▶ [Exercise directions]: Begin at the line below that contains "this 720×960 image.". Repeat it and all remaining lines of the records exactly.

Saved data entries
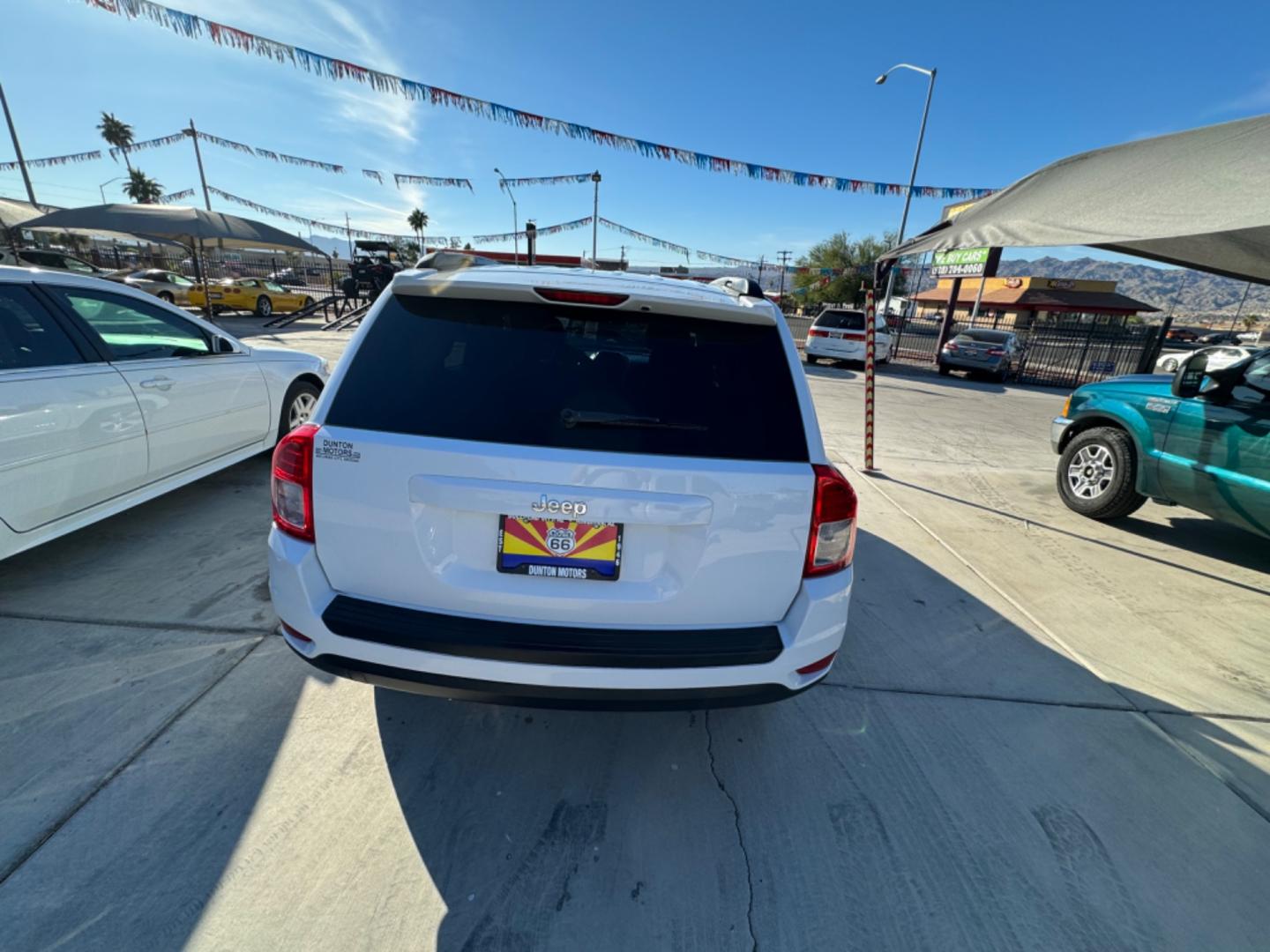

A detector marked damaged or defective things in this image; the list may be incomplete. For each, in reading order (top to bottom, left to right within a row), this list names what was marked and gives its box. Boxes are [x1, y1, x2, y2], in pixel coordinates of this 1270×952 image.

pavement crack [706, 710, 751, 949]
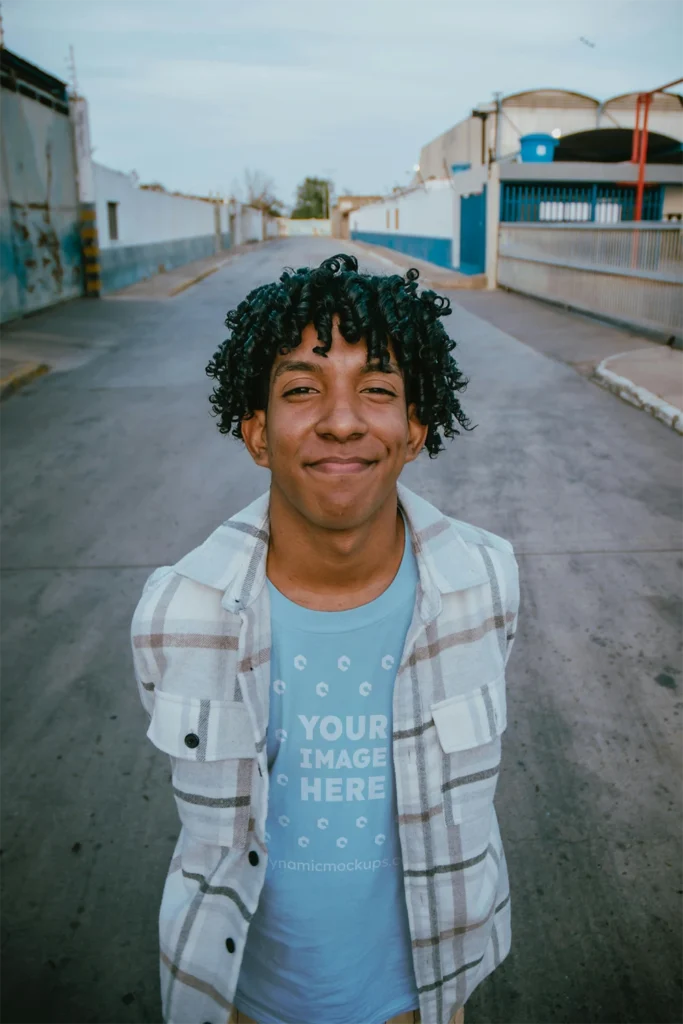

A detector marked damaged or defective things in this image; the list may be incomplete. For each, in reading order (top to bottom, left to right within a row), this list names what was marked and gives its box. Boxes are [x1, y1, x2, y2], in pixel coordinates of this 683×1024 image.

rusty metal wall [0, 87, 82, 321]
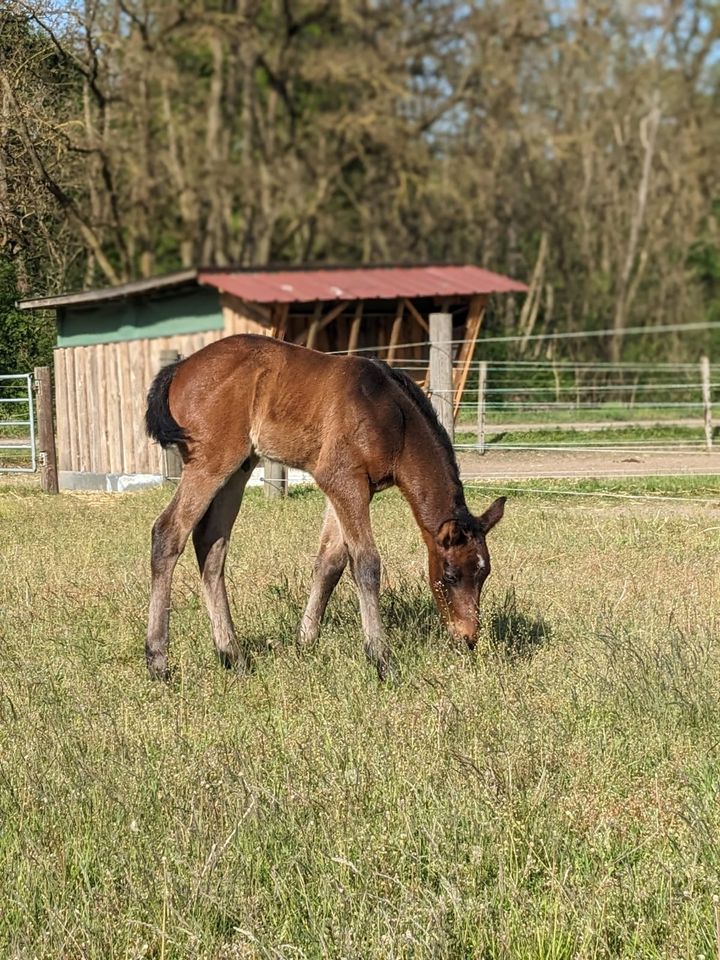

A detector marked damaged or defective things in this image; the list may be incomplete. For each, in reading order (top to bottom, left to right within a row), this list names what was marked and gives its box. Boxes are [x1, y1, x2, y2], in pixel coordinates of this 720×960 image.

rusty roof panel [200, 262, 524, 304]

▶ [Exercise solution]:
A detector marked damaged or defective things in this image; the list may be incomplete. For each, in reading order (top to bottom, left to right within a row), this list names what was marked and gives its box. Boxes are [x1, y1, x2, y2], in pixel coordinates of this 720×960 image.

rusty roof panel [200, 262, 524, 304]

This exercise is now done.